About this task:
Exactly as they appear, write the lines from the one containing "Dental veneer in ghaziabad" to the final line of the entries, leaving pictures out.

Segment Start: Data supplied

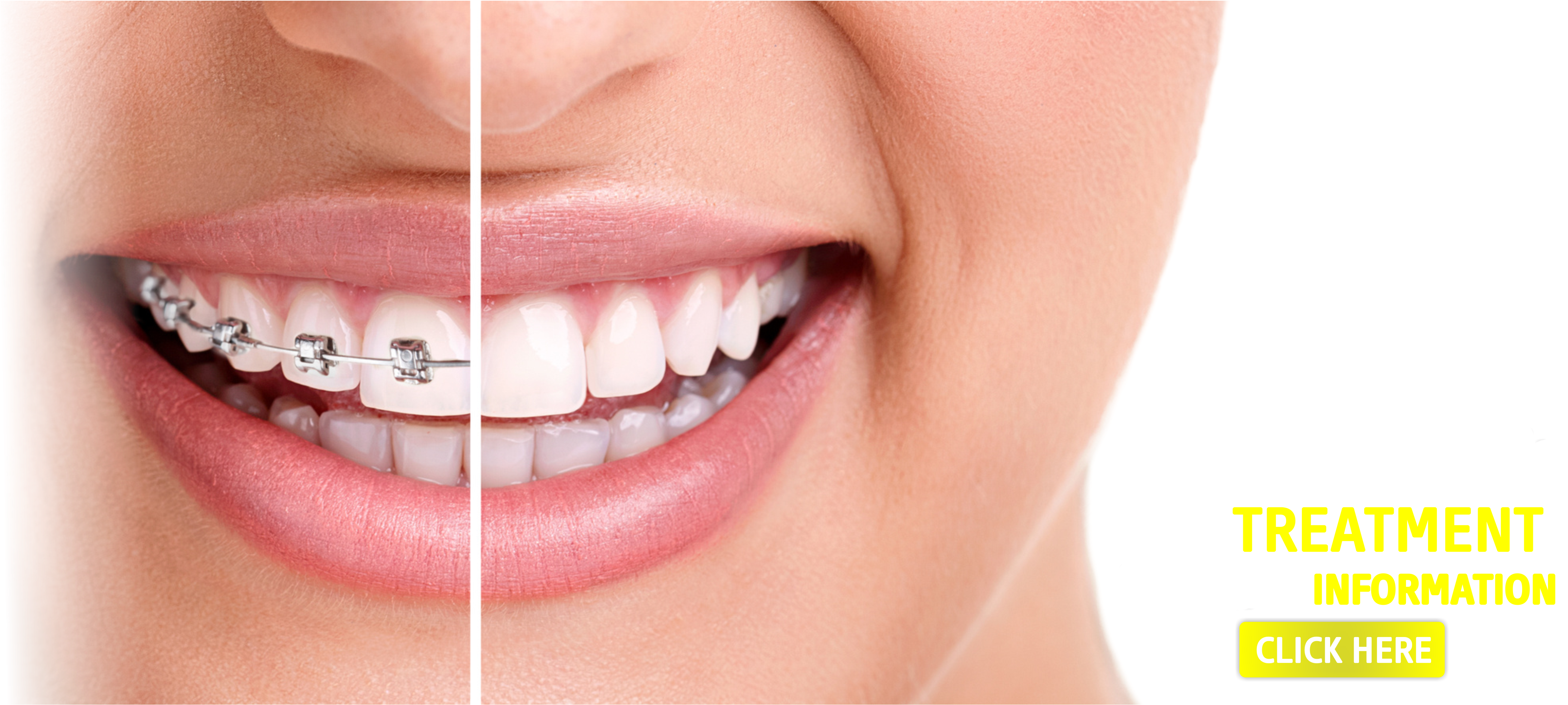Sevgi Dental Clinic, Dental, Dental Clinic, Dentist, - Braces On Vs Off (4633x2074), Png Download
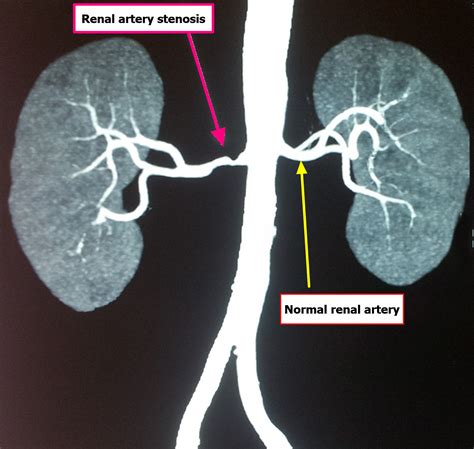 Kidney Artery Stenosis Conclusion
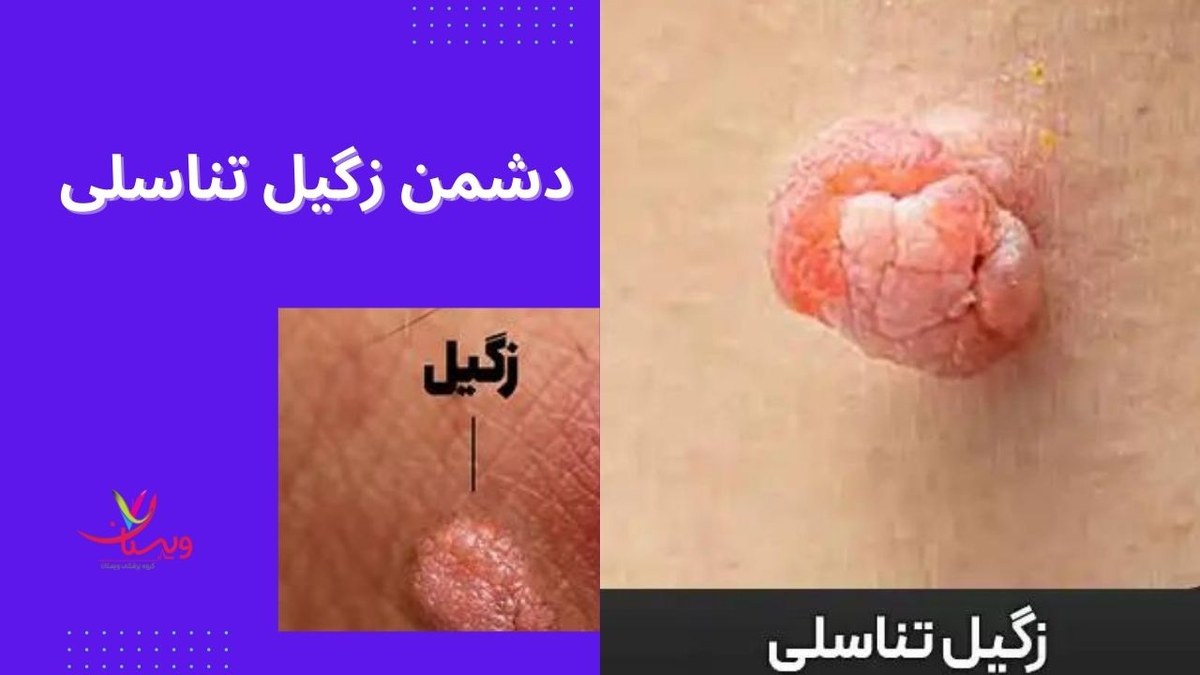 5 دشمن زگیل تناسلی + آیا خودارضایی باعث زگیل تناسلی می‌شود؟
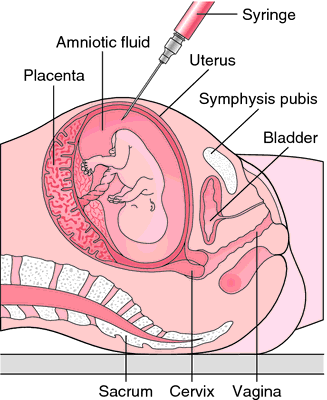 Miscarriage amniotic fluid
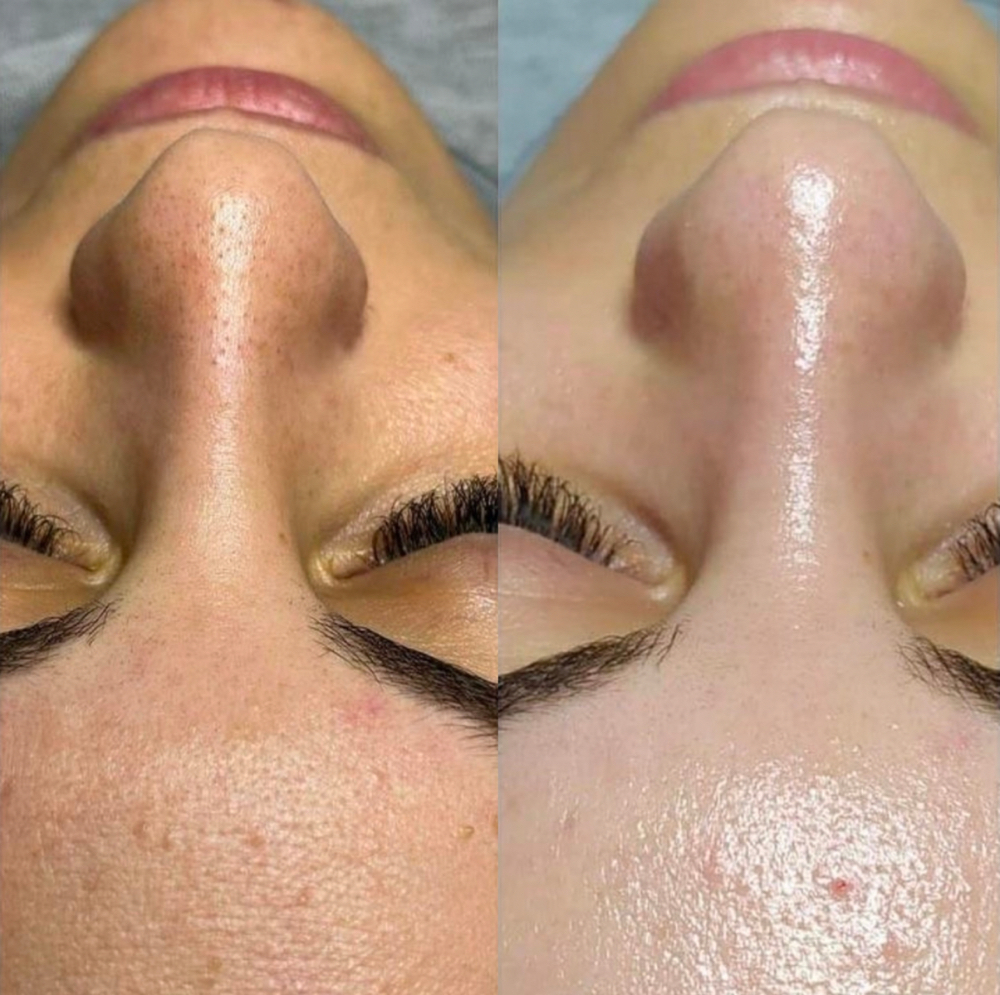 SIGNATURE CUSTOM FACIAL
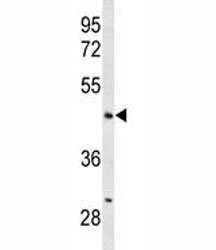 Western blot analysis of ANGPTL4 antibody and mouse liver tissue lysate.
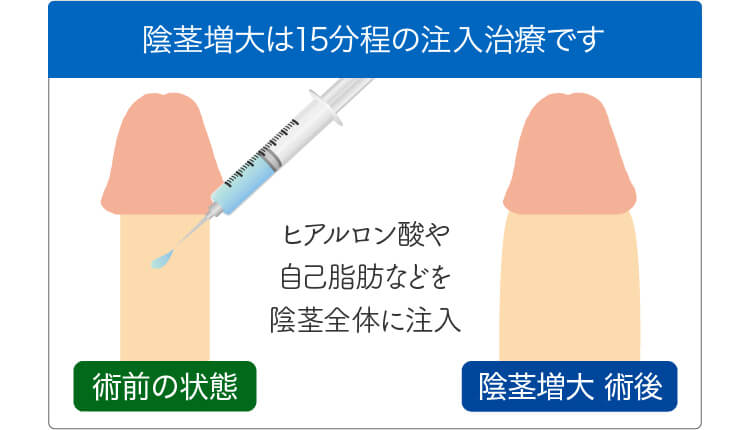 でかいちんこの基準とは？日本人平均や大きくする方法を解説 |【公式】ユナイテッドクリニック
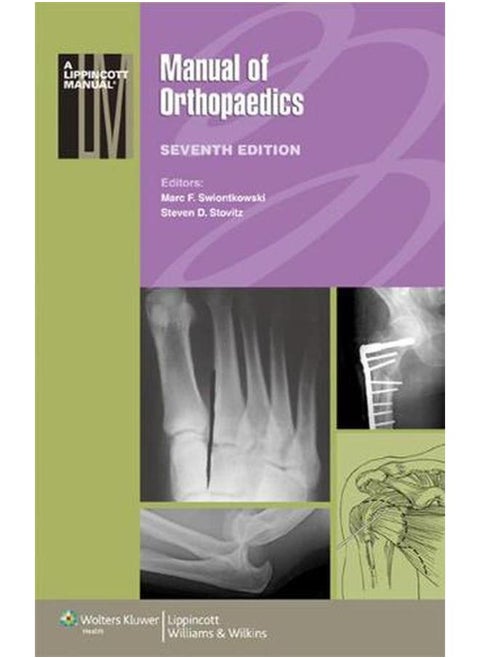 Manual of Orthopaedics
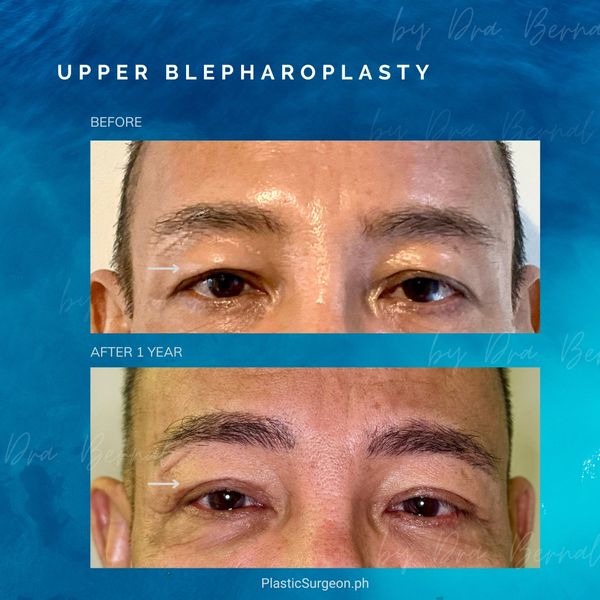 top plastic surgeon for Upper Blepharoplasty in Manila Philippines Dr. Aicee Bernal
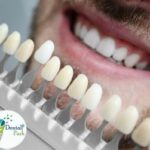 Dental veneer in ghaziabad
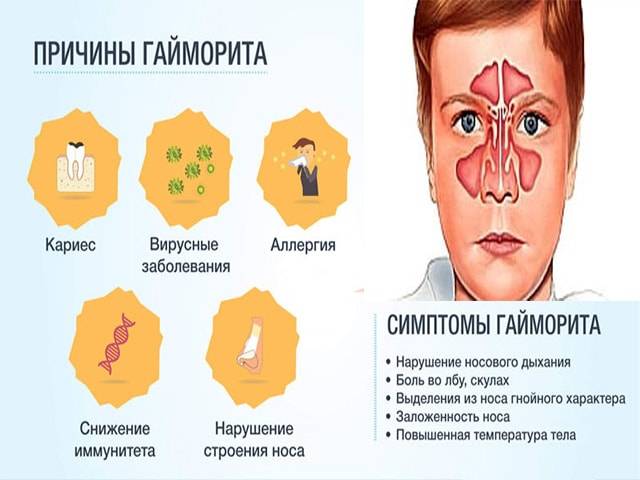 Гайморит: симптомы и лечение у взрослых, отзывы и признаки заболевания у ребенка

Segment End: Data supplied

Output for this task:
 Dental veneer in ghaziabad
 Гайморит: симптомы и лечение у взрослых, отзывы и признаки заболевания у ребенка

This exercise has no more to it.